The preclinical evidence indicates that concurrently augmenting bioenergetics by using
ketones and autophagic clearance using rapalogs, AMPK activators, and
aggrephagy/mitophagy inducers has a potential to synergistically decrease Aβ and tau
burden [23,27,40,48,72]. Nevertheless, families of ketone and autophagy modulators as
adjuncts to AD to date lack large randomized controlled trials and characteristic drug-diet
and long-term tolerability of ketone and autophagy modulators in multimorbid and
polypharmacy geriatric patients [8,72,74, (Fernandes, et al., 2025). The next round of trials
should use the factorial or multi-arm design, i.e. ketogenic diet versus autophagy drug
versus combinations, combine precision stratification with APOE genotype, metabolic
status, and disease stage, and provide a follow-up time that would capture structural and
biomarker outcomes [47,66,68,69,71,75].
10.4. Potential Future and Future Work Recommendations
There is convergent data that both ketone-based strategies and autophagy modulation show
mechanistically consistent but small effects in Alzheimer disease: ketones increase cerebral
energy metabolism and reduce oxidative and inflammatory stress, and autophagy-targeted
strategies maximize the clearance of Aβ, and damaged organelles [8,47,71,72]. Though
there is promising clinical evidence available, much is still in small fragments with small
sample sizes, shorter durations of the trials and heterogeneous design of the studies
prevailing in the literature today.
The initial step in advancing research directed at Ketone Bodies and Autophagy:
Synergistic Approaches is standardized large, multicenter randomized controlled trials with
adequately powered cohorts, and harmonized protocols to support parallel randomized
trials assessing autophagic-based or exogenous intervention based on ketones, expressly
the measurement of autophagic and lysosomal dynamics of processing [68].

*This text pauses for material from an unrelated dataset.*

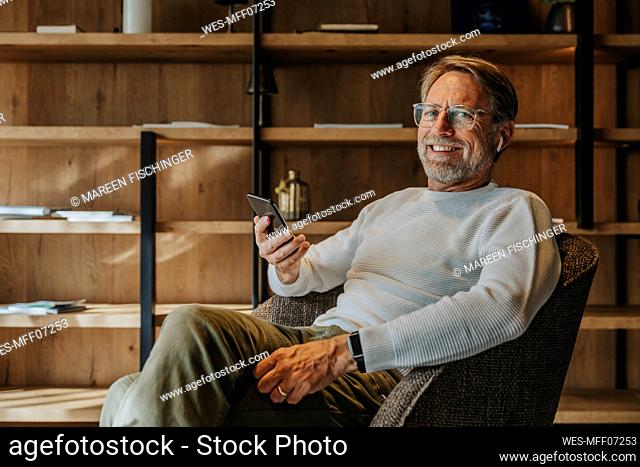 Smiling mature man holding mobile phone while sitting on armchair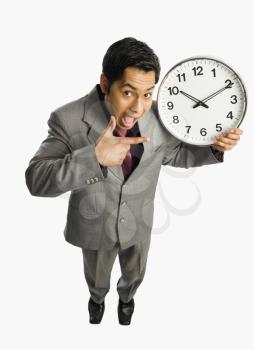 Businessman showing a clock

The second urgent goal is the production and confirmation of noninvasive biomarkers of
autophagy and aggrophagy, which can be used in longitudinal studies of humans,
preferably on the basis of PET tracers or cerebrospinal fluid and plasma molecular
signatures [27,44,47].
Emerging combination therapies such as ketotherapies and mTOR-independent autophagy
activators, mitophagy activators, or anti-amyloid and anti-tau therapies will have to be
systematically optimized on dose, evaluated in terms of safety, and stratified based on
genetic background and metabolic phenotype [27,44,47,71,72,74]. Simultaneously, the
concept of ketone and autophagy should be applied in multidomain prevention paradigms
that combine diet, physical activity, and cognitive training, with an emphasis on early or
preclinical Alzheimer diseases, in this case the most probable target of metabolic and
proteolytic regulation [8,62,66,68,69,71].
Overall, despite the promising clinical potential, it has not yet been properly investigated,
and it needs strictly designed, mechanistically guided translational research, which must
help to establish to what degree the ketone-induced autophagy modulation can play a
significant role in the development of the Alzheimer disease.